The chickens are coming to roost for manufacturers that failed to innovate
“PCs are still seen as necessities,” writes Gartner research director George Shiffler in a press release issued Monday. “But the PC industry’s inability to significantly innovate and its overreliance on a business model predicated on driving volume through price declines are finally impacting the industry’s ability to induce new replacement cycles.”
Shiffler’s harsh words come at the end of a Gartner report warning clients not to expect worldwide PC shipments to exceed 352.4 million this year — only 14% more than 2009 and considerably less than the 17% growth Gartner predicted just last September.
“These results reflect marked reductions in expected near-term unit growth based on expectations of weaker consumer demand, due in no small part to growing user interest in media tablets such as the iPad,” said Ranjit Atwal, another Gartner research director.
By 2014, Atwal expects tablets made by Apple (AAPL) and others to displace around 10% of PC sales.
The chickens, according to Gartner, are coming to roost for PC makers that failed to anticipate — as Apple did — the popularity of mobile Internet devices like the iPhone and the iPad.

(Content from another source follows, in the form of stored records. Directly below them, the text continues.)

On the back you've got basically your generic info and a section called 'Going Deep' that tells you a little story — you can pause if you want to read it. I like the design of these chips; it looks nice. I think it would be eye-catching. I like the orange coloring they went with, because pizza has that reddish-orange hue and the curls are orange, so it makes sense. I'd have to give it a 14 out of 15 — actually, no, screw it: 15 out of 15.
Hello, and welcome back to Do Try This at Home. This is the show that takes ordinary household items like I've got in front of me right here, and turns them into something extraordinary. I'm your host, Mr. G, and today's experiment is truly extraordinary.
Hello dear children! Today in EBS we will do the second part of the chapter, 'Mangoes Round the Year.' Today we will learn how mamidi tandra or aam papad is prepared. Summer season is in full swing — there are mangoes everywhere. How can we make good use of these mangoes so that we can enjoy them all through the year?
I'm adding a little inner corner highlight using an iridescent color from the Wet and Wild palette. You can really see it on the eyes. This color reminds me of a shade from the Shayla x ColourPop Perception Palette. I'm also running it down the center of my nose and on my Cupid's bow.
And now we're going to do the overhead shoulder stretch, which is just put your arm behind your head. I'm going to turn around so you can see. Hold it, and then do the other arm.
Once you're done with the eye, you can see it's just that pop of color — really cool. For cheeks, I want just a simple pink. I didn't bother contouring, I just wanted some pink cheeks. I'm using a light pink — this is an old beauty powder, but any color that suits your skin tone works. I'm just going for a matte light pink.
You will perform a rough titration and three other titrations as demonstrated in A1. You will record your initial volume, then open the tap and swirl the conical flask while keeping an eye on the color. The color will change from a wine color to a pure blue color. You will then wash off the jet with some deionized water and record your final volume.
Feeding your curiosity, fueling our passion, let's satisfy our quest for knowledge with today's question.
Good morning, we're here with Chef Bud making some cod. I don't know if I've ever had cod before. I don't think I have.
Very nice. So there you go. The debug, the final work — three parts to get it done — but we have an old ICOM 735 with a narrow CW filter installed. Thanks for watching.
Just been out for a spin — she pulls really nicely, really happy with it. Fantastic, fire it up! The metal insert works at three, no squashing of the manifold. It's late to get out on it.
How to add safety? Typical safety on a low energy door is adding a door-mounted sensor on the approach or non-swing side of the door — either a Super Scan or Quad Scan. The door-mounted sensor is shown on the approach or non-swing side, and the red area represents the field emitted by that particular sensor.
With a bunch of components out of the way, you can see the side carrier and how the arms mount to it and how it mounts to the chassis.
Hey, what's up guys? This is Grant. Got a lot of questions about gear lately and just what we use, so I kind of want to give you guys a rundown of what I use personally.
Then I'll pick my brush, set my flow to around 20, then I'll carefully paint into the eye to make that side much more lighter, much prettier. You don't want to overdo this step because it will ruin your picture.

Raphael Vasquez, yet another Gartner analyst, put it this way:
“PC market growth will be impacted by devices that enable better on-the-go content consumption such as media tablets and next-generation smartphones. These devices will be increasing (sic) embraced as complements if not substitutes for PCs where voice and light data consumption are desired. It is likely that desk-based PCs will be adversely impacted over the long-term by the adoption of hosted virtual desktops, which can readily use other devices like thin clients.”